Objectives: The Quebec Trauma Care Continuum (TCC) was initiated in 1991 with the objective of providing accessible, continuous, efficient, and high quality services for all injury cases in the province.
Methods: The TCC design relied on three key components: (i) the designation of a network of acute care and rehabilitation facilities with specific mandates and responsibilities; (ii) the elaboration of transfer protocols, standing agreements, and governing structures to ensure fluid and optimal patient flow; and (iii) the close monitoring of several indicators to facilitate the continuous evaluation and improvement of the network.
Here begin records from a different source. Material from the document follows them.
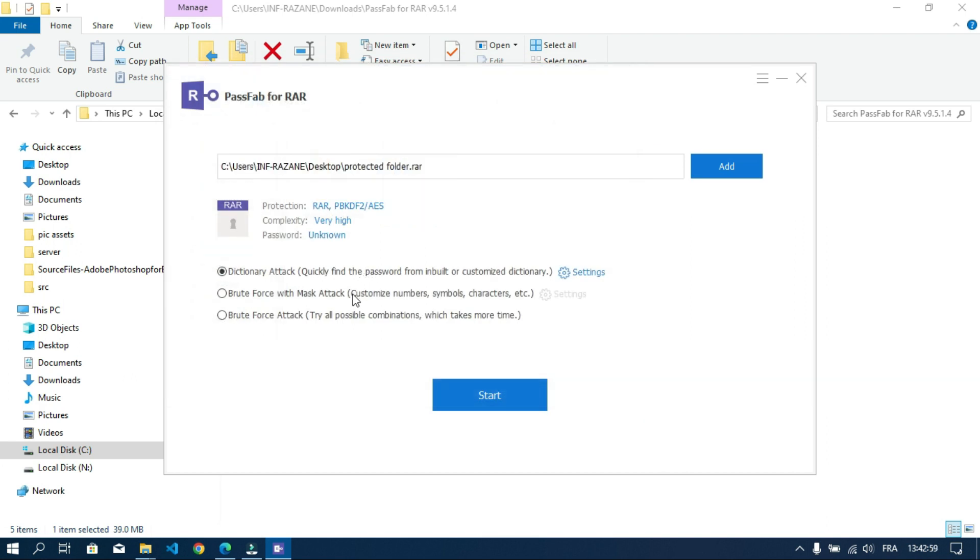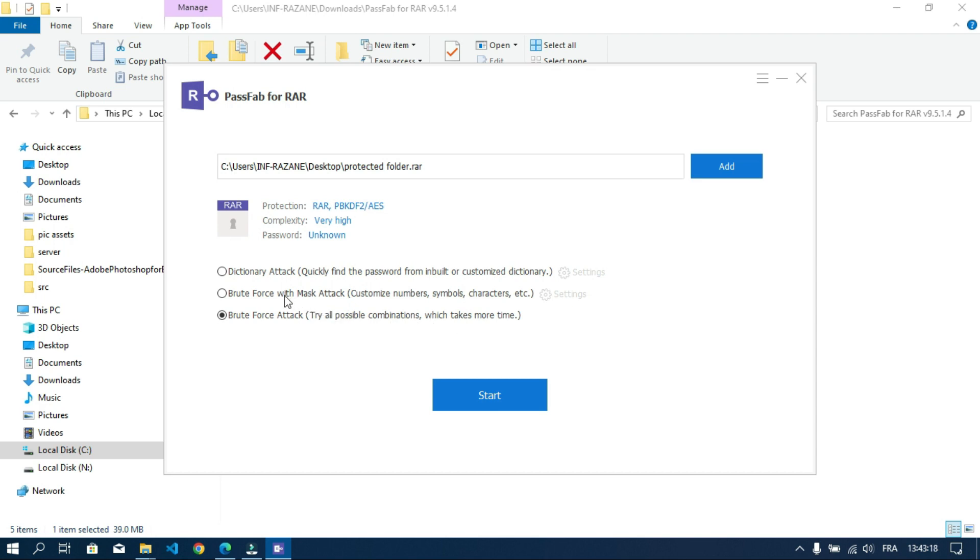Below you can find three options to crack the password, but we are interested only in the last two options. The last one is called brute force attack. If you select this option the tool will try all possible combinations. This will take more time, especially if your password has many characters. It could take hours to be found.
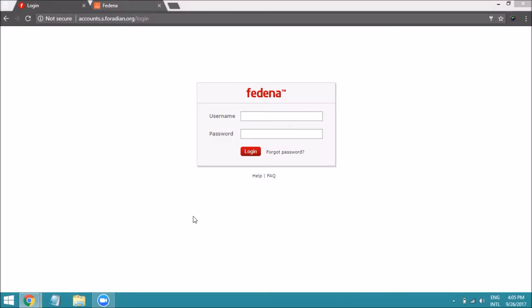In this video, let's understand about the Google SSO configuration in your Fedena instance. Google single sign-on method allows you to log in using your Gmail ID into your Fedena account.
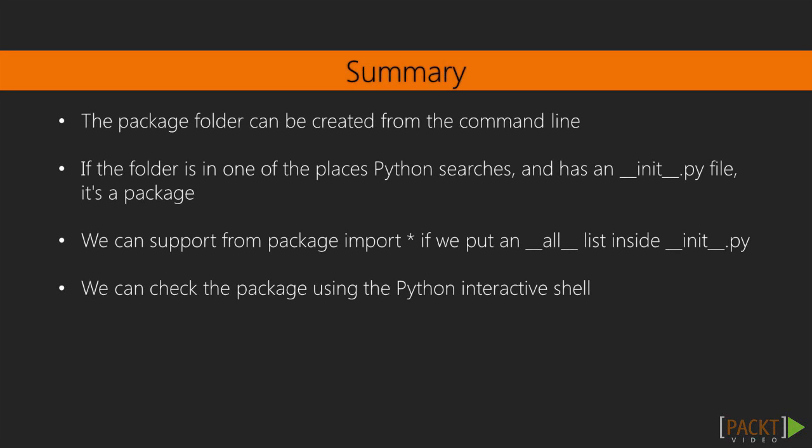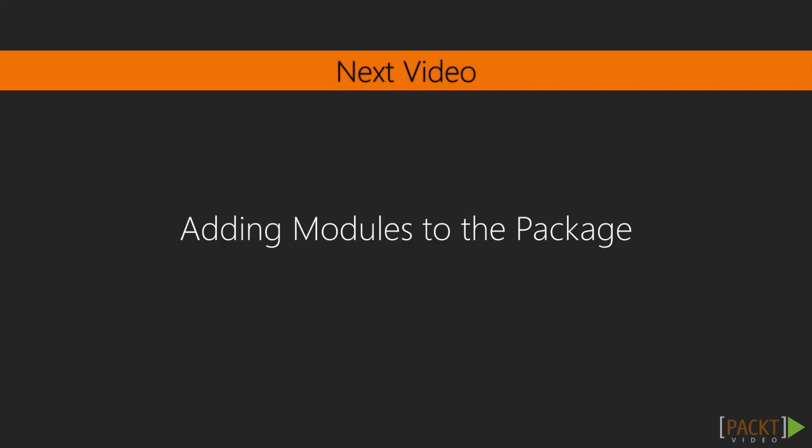So the package folder can be created from the command line or from whatever graphical interface you find most comfortable. If the folder is in one of the places Python searches and has an __init__.py file, it's a package. We can support from package import star if we put a __all__ list inside of the __init__.py file. And we can check that the package is valid by using the Python interactive shell to try importing it. And then we'll move on to how to add source code modules to a package in the next video.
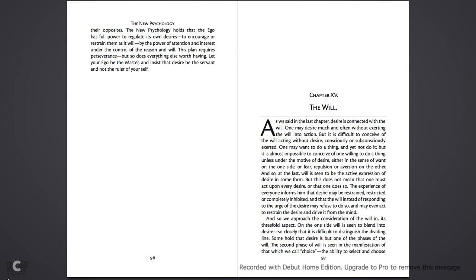The new psychology holds that the ego has full power to regulate its own desires, to encourage or restrain them as it will, by the power of attention and interest, under the control of the reason and the will. This plan requires perseverance, but so does everything else worth having. Let your ego be the master, and insist that desire be the servant and not the ruler of yourself.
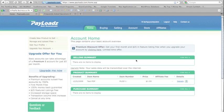From here, to get your product up and for sale as quick as possible, all you have to do is click create new product to sell.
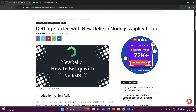Hey guys, in this tutorial we are going to learn how we can get connected to our New Relic platform in a Node.js application. Note that I am not going to go into depth — this video tutorial is basically for getting connected to the New Relic platform from a Node.js application. Let's get started.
Results: Between 1992 and 2002, in-hospital mortality following major trauma decreased from 51.8 percent to 8.6 percent, followed by an additional 24 percent drop between 1999 and 2012. We also observed a 16 percent decrease in average LOS but no change in the incidence of complications or unplanned readmissions. These changes translate into 186 lives saved per year and cost savings, due to shorter LOS, of 6.3 million CD$ per year. The risk-adjusted incidence of in-hospital mortality following major injury between 2006 and 2012 (7 percent) was the lowest of all Canadian provinces.
Conclusions: Strategic transformation of a network's structure and processes, supported by continuous monitoring of validated quality indicators, can lead to significant and sustainable improvements in clinical outcomes. It is hoped that the Quebec trauma story will inspire other jurisdictions and other healthcare sectors.